I'm looking for the proper Java algorithm for password encryption, and I found that Java SDK provides PBKDF2WithHmacSHA1, but not PBKDF2WithHmacSHA256.
I heard that HMAC-SHA256 will take more time than HMAC-SHA-1 does.
Since system resources are limited, I'm going to apply different iteration values to make them most secure as long as service requirements can bear it.
Even with the same expected time of processes, using HMAC-SHA256 is more secure than using HMAC-SHA-1?
If so, could you describe how far using HMAC-SHA256 is secure than using HMAC-SHA-1?
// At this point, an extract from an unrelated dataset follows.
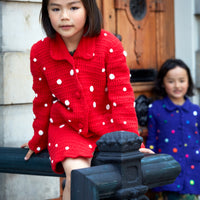 Dotted Coat Red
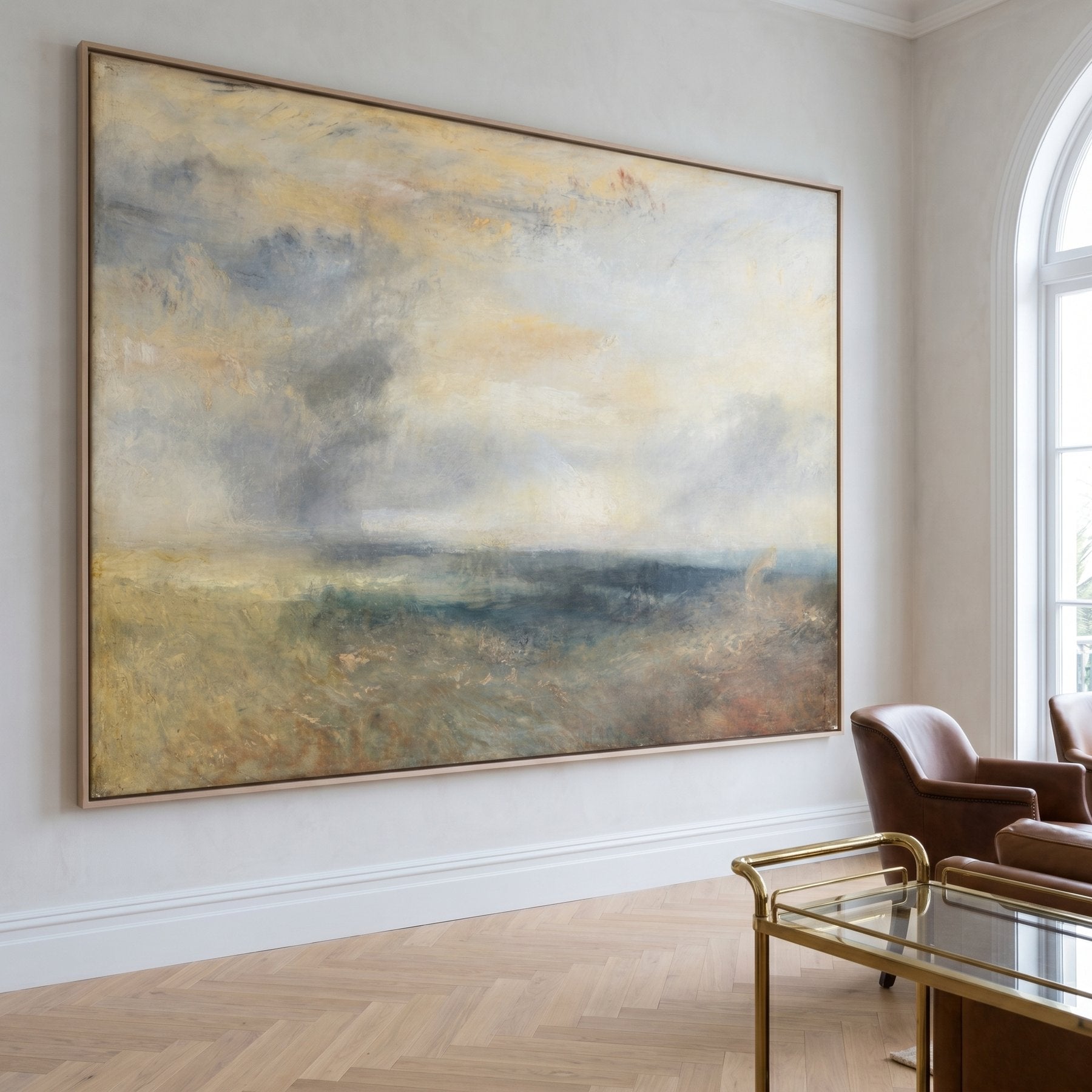 Margate, from the Sea | J.M.W. Turner | 110×80 to 400×300 CM — main view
Pro #1: SHA-256 is a longer hash than SHA-1 (256 bits vs. 160 bits), so the chances of finding a collision using pure brute force are much lower. Even with the iteration counts adjusted so that the time to compute a single PBKDF2 hash is the same, you will have to hash 2^96 times as many random inputs to get a match with PBKDF2-SHA-256 than with PBKDF2-SHA-1
Con #1: No one attacks password hashes using pure brute force, they use dictionary attacks, hybrid dictionary attacks, and limited-character-set attacks. All of these use a limited input space small enough that neither PBKDF2-SHA-1 nor PBKDF2-SHA-256 are likely to have any natural collisions. The limited password search space makes the size of the hash irrelevant as long as it's "big enough", and so the only thing affecting the difficulty of an attack is the time to compute a single PBKDF2 hash. Besides, PBKDF2 has a way of stretching the output length to be longer than the underlying hash length, so you can actually make the two have an equivalent output space.
Pro #2: SHA-1 is at least partially broken; cryptanalysis has resulted in attacks that can find collisions faster than brute force. Once an attack is found you can usually expect it to be improved upon — this means that the suitability of SHA-1 for anything that needs to be secure more than a few minutes into the future is in doubt.
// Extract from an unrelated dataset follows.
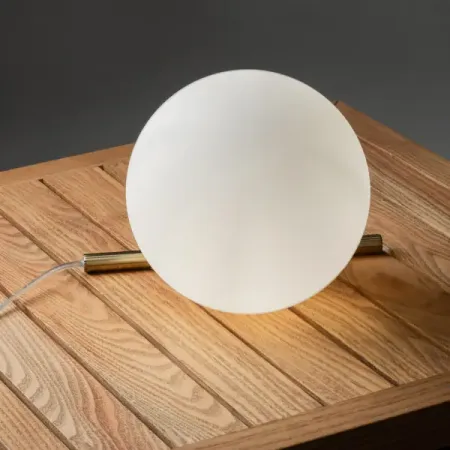 Настольная лампа декоративная Freya BLOSSOM цвет белый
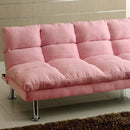  Furniture of America Saratoga Futon CM2902PK IMAGE 1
Con #2: SHA-1 is "broken" in theory, but the attacks that have been found are still extremely expensive, and as far as I know they're all birthday attacks (which don't help you break a password database) and not pre-image attacks (which do). Furthermore, because PBKDF2 uses many iterations of the hash, combining rounds of hash output with the password over and over, it's difficult to extend an attack on the hash into an attack on PBKDF2. It would take a very grave attack on SHA-1 to make PBKDF2-SHA-1 insecure.
Overall, I think you should prefer PBKDF2-SHA-256 on general principle, but if it's not available, PBKDF2-SHA-1 is still widely-used and a reasonable option for medium-security password hashing at this time.